The eyes of the world will be on America on Saturday as Donald Trump is sworn in as the country's 45th president.

But what will happen in the 100 days after Trump's inauguration? And will he deliver on all the promises he made during the election campaign?

A very busy first day

Donald Trump has promised that as president, he will honour the pledge stitched into his white and red baseball caps: Make America Great Again.

With him in the White House, Trump said, his supporters are going to "win so big" they will soon be "sick of winning".


When it came to mapping out the details of his first days in office, the president-elect was no less extravagant.
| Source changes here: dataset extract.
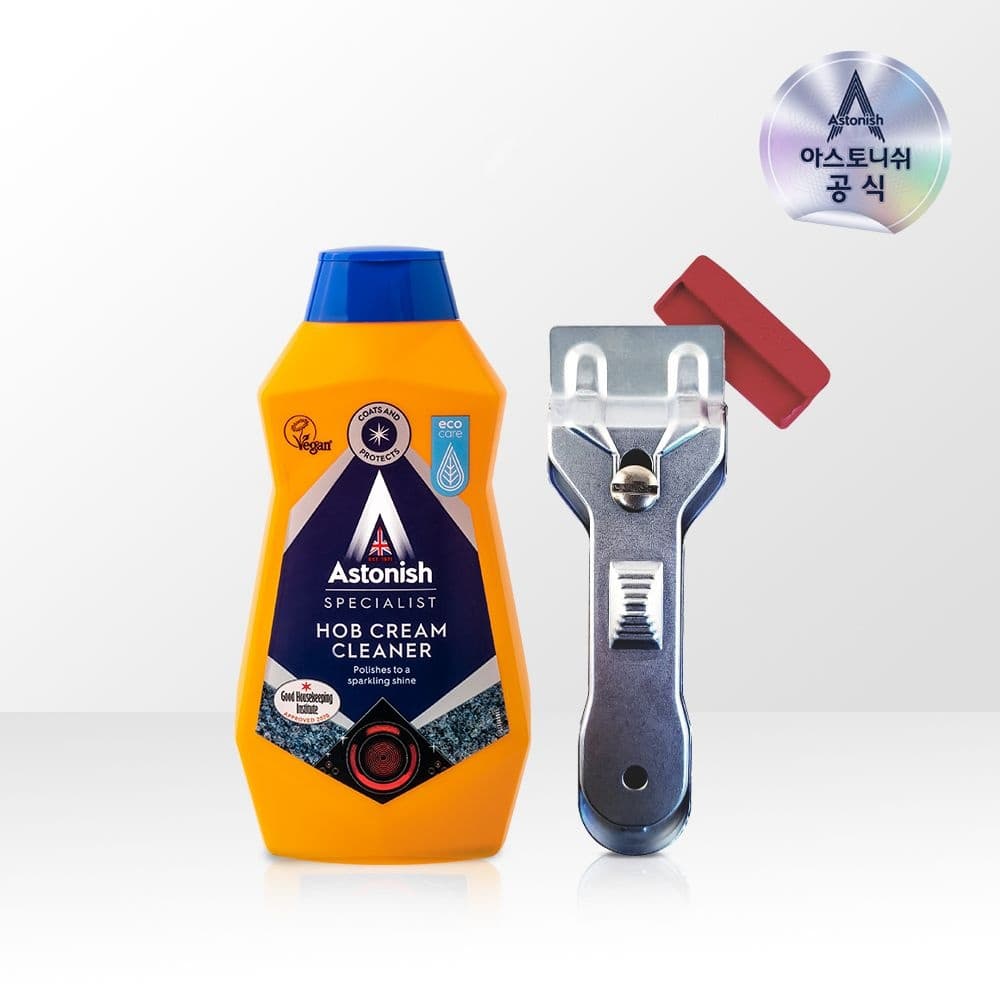 [롯데온] 아스토니쉬 인덕션 클리너 500ml+전용 스크래퍼 증정 (10,260원/무료) (무료배송)
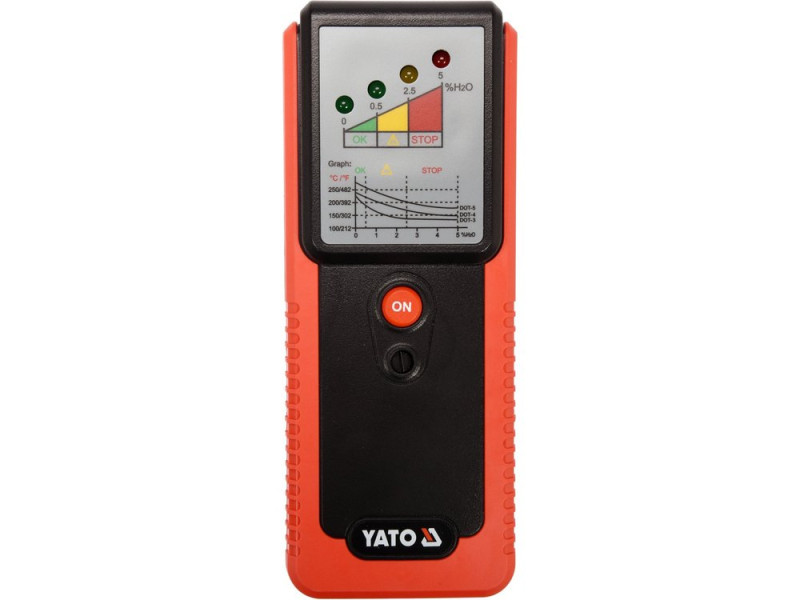Тестер тормозной жидкости YATO YT-72981, DOT 3/4/5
It is customary in American presidential elections for a candidate to sets out a vision, but ever keen to be "the greatest", Trump slashed the timeline of his proposals from 100 days to one.

At an address delivered in historic Gettysburg in October last year, Trump laid out a "contract with the American people" that would begin with a "very busy first day".

That first day won't be Friday, or even Saturday. In an interview with The Times, Trump said he would get down to work after the weekend. "...[D]ay one - which I will consider to be Monday as opposed to Friday or Saturday. Right? I mean my day one is gonna be Monday because I don't want to be signing and get it mixed up with lots of celebration," Trump said, according to a transcript of the interview.


Trump's rhetoric on immigration came to define his presidential campaign.

But since the election, he has quietly dropped his call to remove all undocumented immigrants from the US, a move that, aside from being so impractical it might be impossible, experts warned would damage the US economy by taking too many people out of the labour market.

House Republican officials say President-elect Donald Trump's transition team has signaled to congressional leader that his preference is to fund the border wall through the appropriations process. Source: CNN

Instead, in his first televised interview after winning the election in November, he vowed to immediately deport up to three million illegal immigrants with criminal records in one of his first acts as president.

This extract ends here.